# Problem with overflow

Question asked by BenChr on Jul 8, 2010
Latest reply on Jul 16, 2010 by AndreasL

I have encountered a problem with overflow. It can be seen on the picture with the flat tops.

It should have looked like the picture with the sharp tops.

The contexts is this: I am doing speechrecognition and need to calculate cepstrum coefficients of input speech:

Matlab code: Cepstrum = real(ifft(log(abs(fft(x)))));

So far I have made...

1) fft with the rfft_fr16 function,

2) abs with the cabs_fr16 function

3) Then i needed to do the log. BUT i could only find a floating point version of this one? Does a fract16 version exist?

i could´nt find one - therefore i used the fr16_to_float function and used the logf function.

4) Everything untill this point has given quite accurate results, but then I had to convert from float_to_fr16 to be able to use the

ifft_fr16 function.
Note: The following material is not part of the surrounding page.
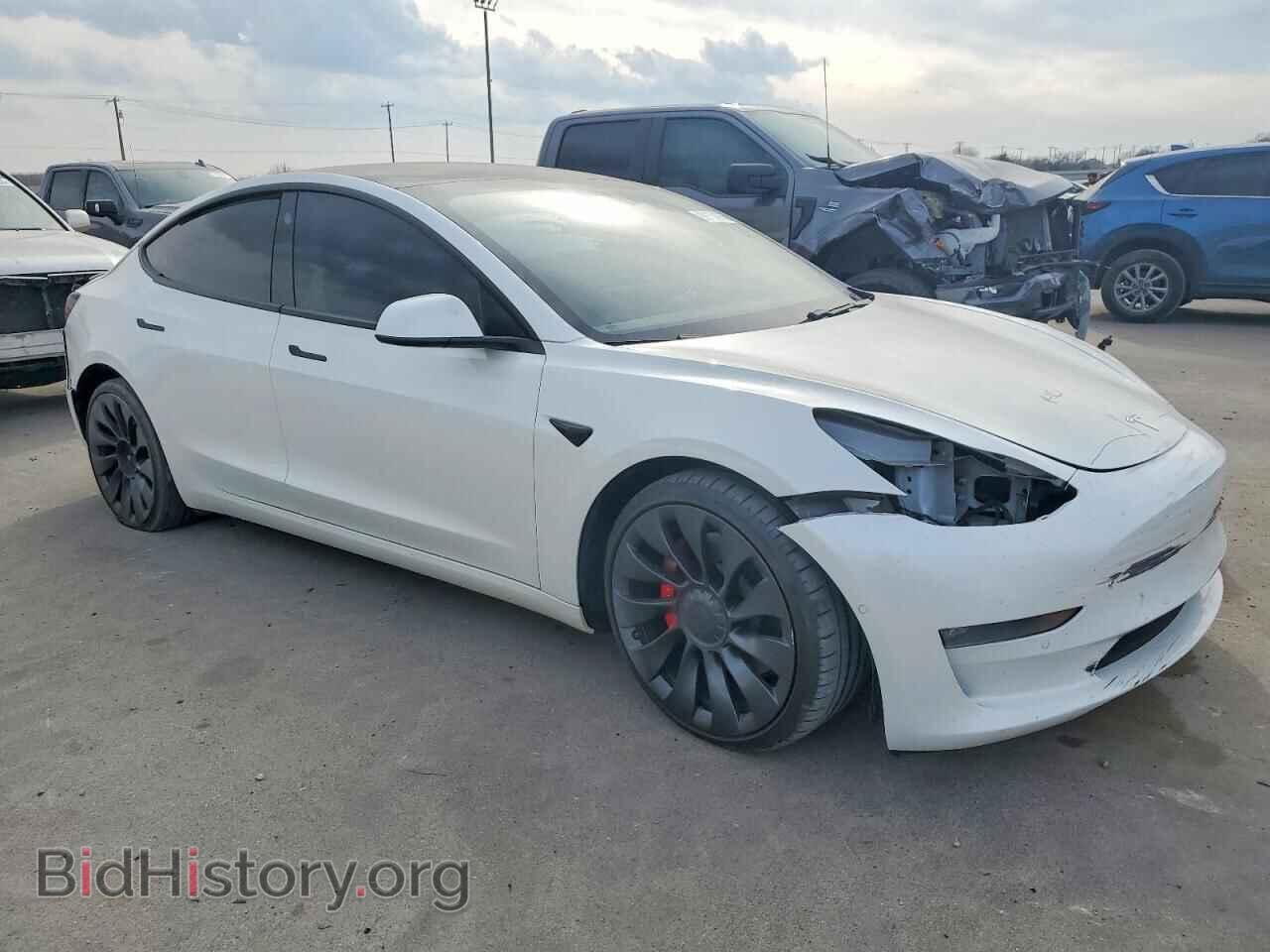 2021 TESLA MODEL 3 - VIN: 5YJ3E1EC6MF005735 - Photo 4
Here is my problem.

5) Because the floating point values are higher (on the tops and lower in the valleys) than +1 and -1 it overflows! I know that I probably need to divide the log(fft) with some factor and then convert, but I also want to have a nice precision when doing the ifft afterwards.

Should I loop through the log(fft) output and find the highest value and divide everything with this value, so that it is normalized to [-1 1]?

Then I could use static scaling on the ifft afterwards! Is there a more efficient way to do the normalization?

By the way: This discussion is only posted here.

Thank you

Benjamin

Here is a snippet of my code:

#define NUMPOINTS 256

complex_fract16 w[NUMPOINTS];    //twiddle sequence
complex_fract16 fftout[NUMPOINTS];
int block_exponent;
int n = NUMPOINTS;
float fft_scaled[NUMPOINTS];
float log_of_fft[NUMPOINTS];

//Make w twiddle table for FFT once.

void cepstrum_test(const fract16 samples256[]) {

//cepstrum = real(ifft(log(abs(fft(x)))));
int i = 0;

//FFT
rfft_fr16(samples256, fftout, w, 1, NUMPOINTS, &block_exponent, 2);

float scaling_fft = ldexpf(1.0F,block_exponent);

for(i=0;i<NUMPOINTS;i++) //Tak abs(fft) and scale fft and take logarithm and convert back to fr16:
{
fft_scaled[i] = fr16_to_float(cabs_fr16(fftout[i]))*scaling_fft; // WOULD IT BE MORE EFFICIENT TO SHIFT THE FR16 INSTEAD OF MULTIPLYING                                                                                             // WITH THE SCALING FACTOR IN THE FLOATING POINT DOMAIN?
log_of_fft[i] = logf(fft_scaled[i]);
fftout[i].re = float_to_fr16(log_of_fft[i]); //HERE IS THE PROBLEM.
fftout[i].im = 0;
}

}